Work required:
Copy the entries below exactly. Images do not belong in the copy.

Recorded information:
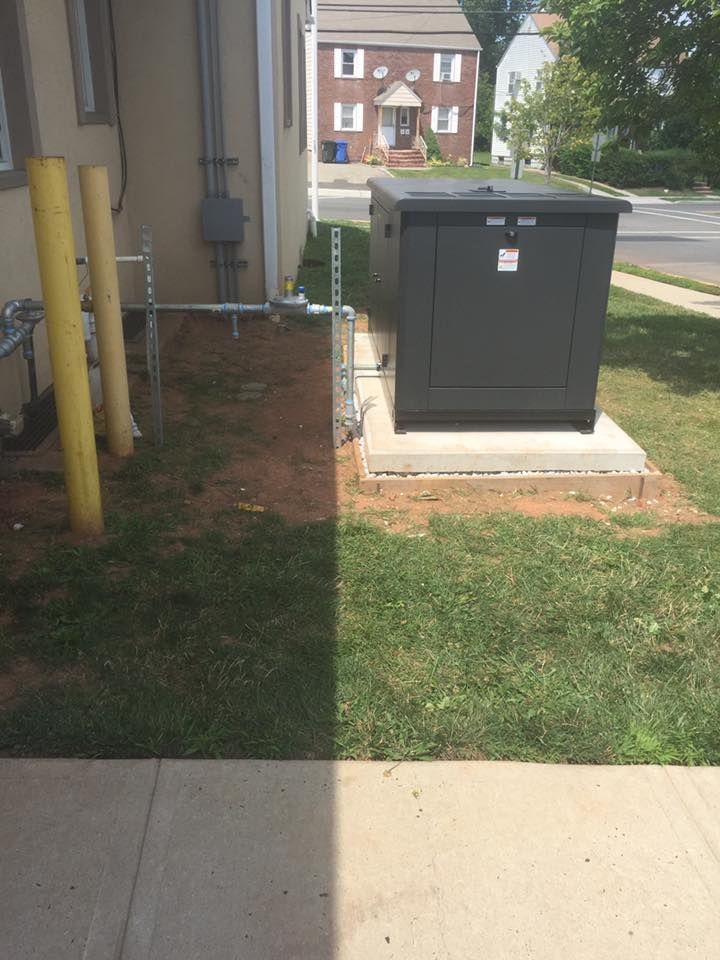 A large gray electrical box on a concrete pad next to a building with yellow bollards.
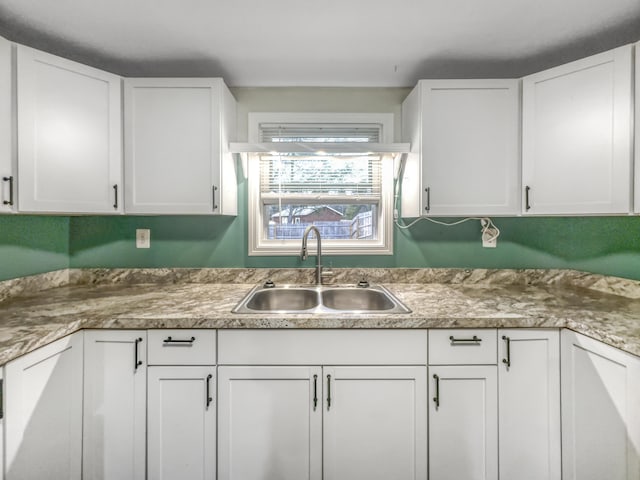 kitchen with a sink and white cabinetry
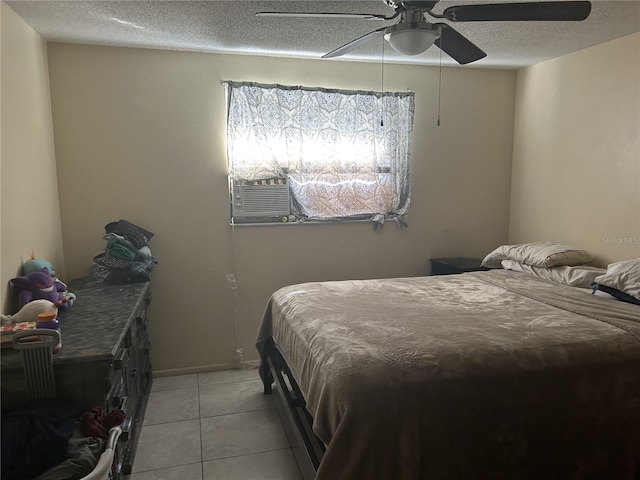 tiled bedroom featuring cooling unit, a textured ceiling, and ceiling fan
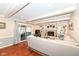 Living room boasts wood floors, a brick fireplace with built-ins, and sliding doors at 1728 Timber Heights Dr, Carmel, IN 46280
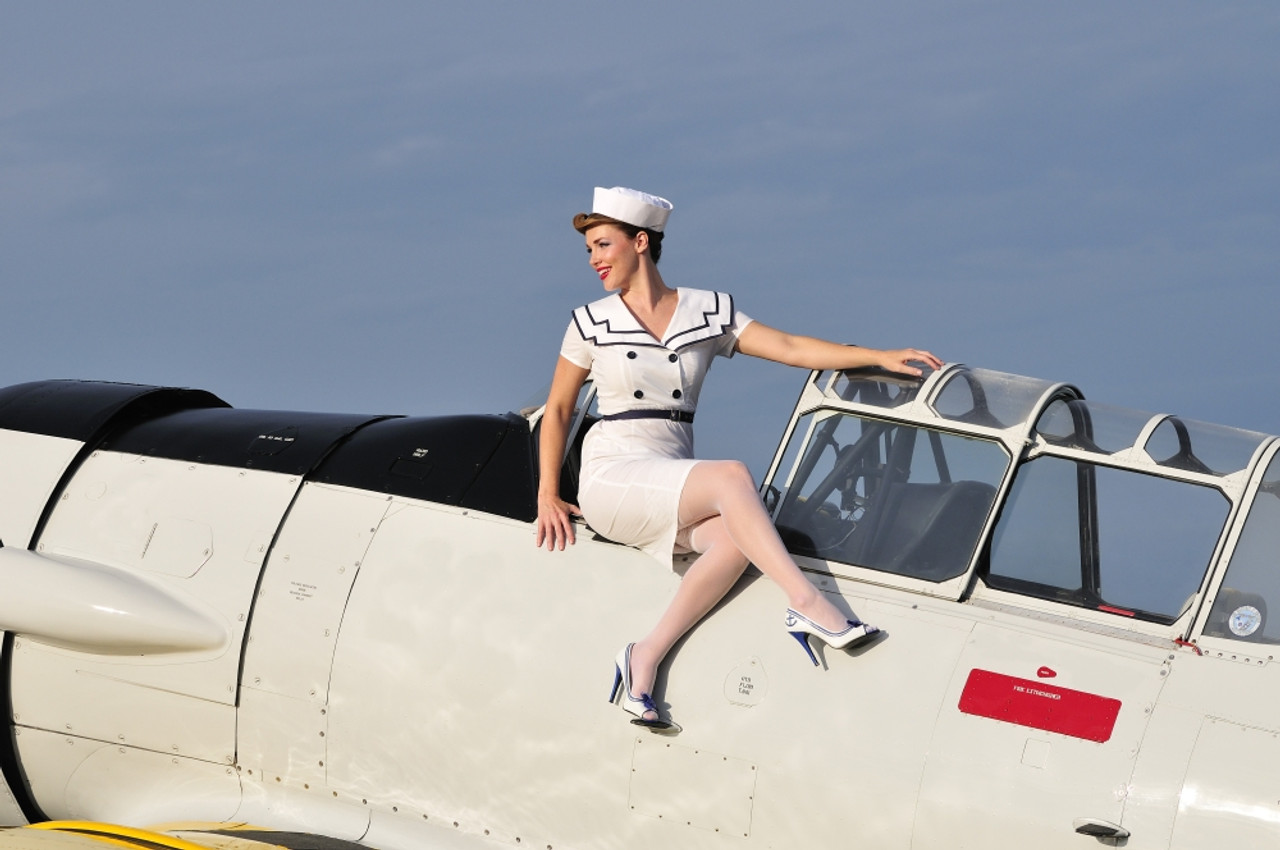 Beautiful 1940's style pin-up girl sitting outside the cockpit of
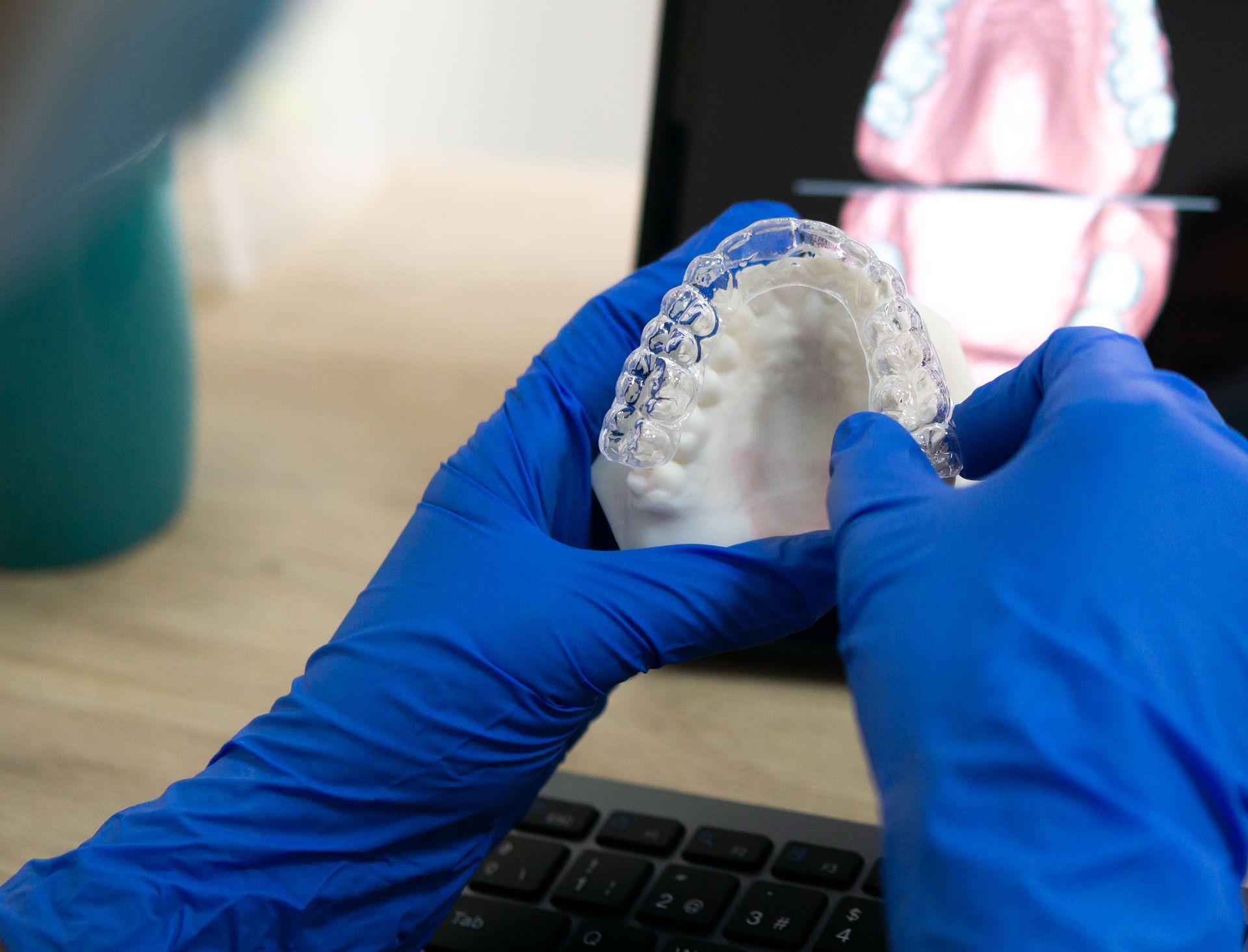 Blue-gloved hands holding a clear dental aligner in front of a laptop screen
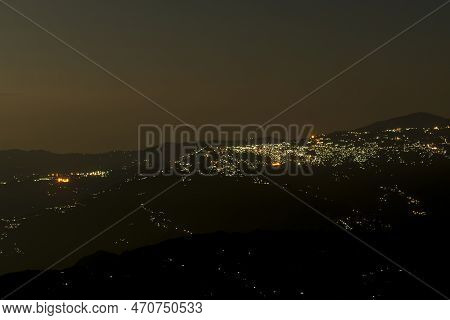 Pearls Of Light Of Queen Of Hills, Darjeeling Town, At Night. In The Eastern Himalayas, To The West 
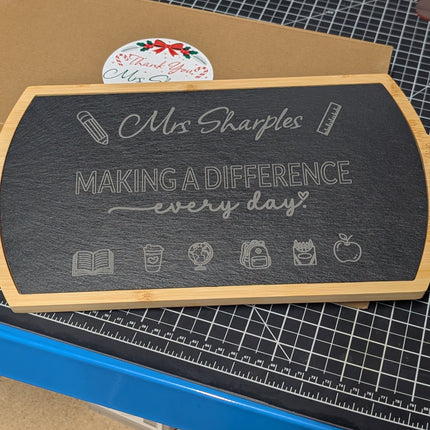 A wooden-framed chalkboard sign with the text 'Mrs Sharples MAKING A DIFFERENCE every day' displayed on a workbench.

Exercise response:
 A large gray electrical box on a concrete pad next to a building with yellow bollards.
 kitchen with a sink and white cabinetry
 tiled bedroom featuring cooling unit, a textured ceiling, and ceiling fan
 Living room boasts wood floors, a brick fireplace with built-ins, and sliding doors at 1728 Timber Heights Dr, Carmel, IN 46280
 Beautiful 1940's style pin-up girl sitting outside the cockpit of
 Blue-gloved hands holding a clear dental aligner in front of a laptop screen
 Pearls Of Light Of Queen Of Hills, Darjeeling Town, At Night. In The Eastern Himalayas, To The West 
 A wooden-framed chalkboard sign with the text 'Mrs Sharples MAKING A DIFFERENCE every day' displayed on a workbench.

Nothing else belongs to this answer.